新緑の初夏、「草木も眠る丑三つ時」[と書いてある]長さ八尺を越すような丸太ん棒を押し立てて裸に近い一団が喊声を挙げて寄宿舎「自由寮」を襲った。彼ら自身も寮の上級生である。寮歌を歌いながら音頭をとるように丸太ん棒を持ちあげては廊下にドスンどすんと打ち下ろすからたまらない、寮全体が鳴動して揺れる。百鬼夜行の如き集団は手に手に竹刀、バット、なければバケツ、やかん等の鳴り物を持って北寮から中寮へと部屋部屋をつむじ風のように荒らしてゆく...。もちろん寮生は一人として寝ておれない。

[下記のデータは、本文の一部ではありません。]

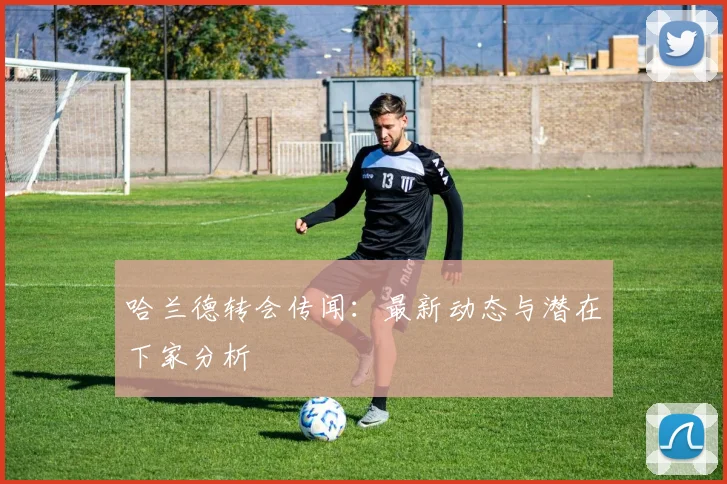 哈兰德转会传闻：最新动态与潜在下家分析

これはストームという先輩後輩のお近付きの伝統儀礼でどこにでも似た行事があるらしい。私が卒業した高校と大学の運動場でもファイア・ストームがあったようだが関心がなく実際に見たことはない。今も吉田寮vs熊野寮のストームと機動隊のガサ入れが年中行事のように実在しているようだ。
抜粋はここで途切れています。